Error: createbintaxonomy failed with malloc error
Expected Behavior
Taxonomy database created based on a seqdb created from UniProt sequences
Current Behavior
Program crashed with core dumped error and reports Error: createbintaxonomy failed.
Steps to Reproduce (for bugs)
Please make sure to execute the reproduction steps with newly recreated and empty tmp folders.
mmseqs createdb "uniprot_2024_03.fasta" seqdb
then
mmseqs createtaxdb seqdb tmp
We attempted to vary --tax-db-mode, --tax-mapping-mode, and --threads parameters but observed the same behavior.
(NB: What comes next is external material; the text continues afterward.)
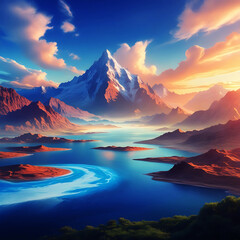 Vibrant Fantasy Mountain Landscape with River, Colorful Rocks, and Dramatic Sunset Sky.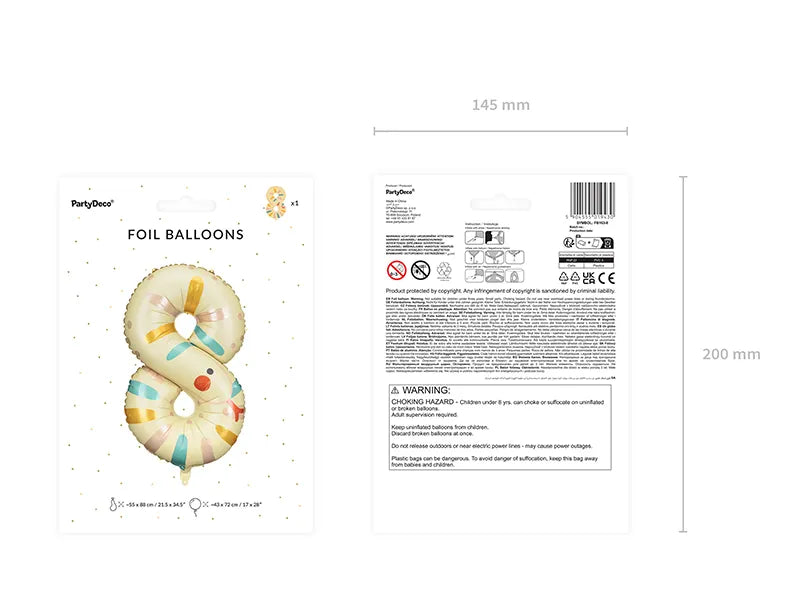 Balon foliowy Cyfra 8 - Wąż, 55x88 cm (1 op. / 1 szt.)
Any help would be highly appreciated.
We are able to reproduce this issue with a minimal database containing 1000 sequences.
MMseqs Output (for bugs)
> mmseqs createtaxdb seqdb tmp
createtaxdb seqdb tmp
MMseqs Version: 15.6f452
NCBI tax dump directory
Taxonomy mapping file
Taxonomy mapping mode 0
Taxonomy db mode 1
Threads 48
Verbosity 3
Loading nodes file ... Done, got 2601214 nodes
Loading merged file ... Done, added 79743 merged nodes.
Loading names file ... Done
mmseqs: malloc.c:2379: sysmalloc: Assertion `(old_top == initial_top (av) && old_size == 0) || ((unsigned long) (old_size) >= MINSIZE && prev_inuse (old_top) && ((unsigned long) old_end & (pagesize - 1)) == 0)' failed.
Aborted (core dumped)
Error: createbintaxonomy failed
Context
We are trying to create a custom taxonomy database for MSA, such that the resulting .a3m files contain taxonomy information.
Is a taxonomy database already available for download for uniprot_2024_03 for similar releases?
Your Environment
Include as many relevant details about the environment you experienced the bug in.
- Git commit used (The string after "MMseqs Version:" when you execute MMseqs without any parameters):
- Which MMseqs version was used (Statically-compiled, self-compiled, Homebrew, etc.):
- For self-compiled and Homebrew: Compiler and Cmake versions used and their invocation:
- Server specifications (especially CPU support for AVX2/SSE and amount of system memory):
- Operating system and version:
Linux 64-bit, 256G memory MMseqs Version: 15.6f452
Having the same issue. Any insights on how to address this, please?
I'm also was getting this error earlier...and interestingly only on Linux (seemed to work fine on MacOS for me).
Strangely, it now seems to be working again for me since about a 10 minutes ago, despite having the exact same setup as I had when I was getting the error.
MMseqs2 Version: 45111b641859ed0ddd875b94d6fd1aef1a675b7e
Does this happen with the databases download of the uniprot or only if you call createtaxdb manually?
databases goes through a separate branch to extract taxonomic information from uniprot based databases and should not be affected.
Does this happen with the
databasesdownload of the uniprot or only if you callcreatetaxdbmanually?
databasesgoes through a separate branch to extract taxonomic information from uniprot based databases and should not be affected.
Thanks for supporting us! This happens when calling createtaxdb manually.
Would you please elaborate on what databases download entails in this context?
To zoom out a bit: is there a feasible mmseqs2 command to generate .a3m files with correct UniRef100 taxonomy identifiers without going through this custom database setup procedure?
mmseqs databases UniProtKB uniprot tmp
should download the latest uniprot and set it up correctly for use with MMseqs2 including taxonomy information.
mmseqs databases UniProtKB uniprot tmpshould download the latest uniprot and set it up correctly for use with MMseqs2 including taxonomy information.
Thanks for this - we ran this command and obtained main database files containing uniprot_h, uniprot.index etc. However we probably still need some help to understand the next steps to assign taxonomy IDs to alignments. Following https://github.com/sokrypton/ColabFold/issues/216, here is what we tried:
mmseqs convertalis test/qdb uniprot test/res_exp test/res_exp_realign.m8 --format-output query,target,taxid,taxname,taxlineage,fident,alnlen,mismatch,gapopen,qstart,qend,tstart,tend,evalue,bits,cigar
and it raised the following error:
Loading NCBI taxonomy
names.dmp, nodes.dmp, merged.dmp from NCBI taxdump could not be found!
Is there something that we are missing here? Thanks!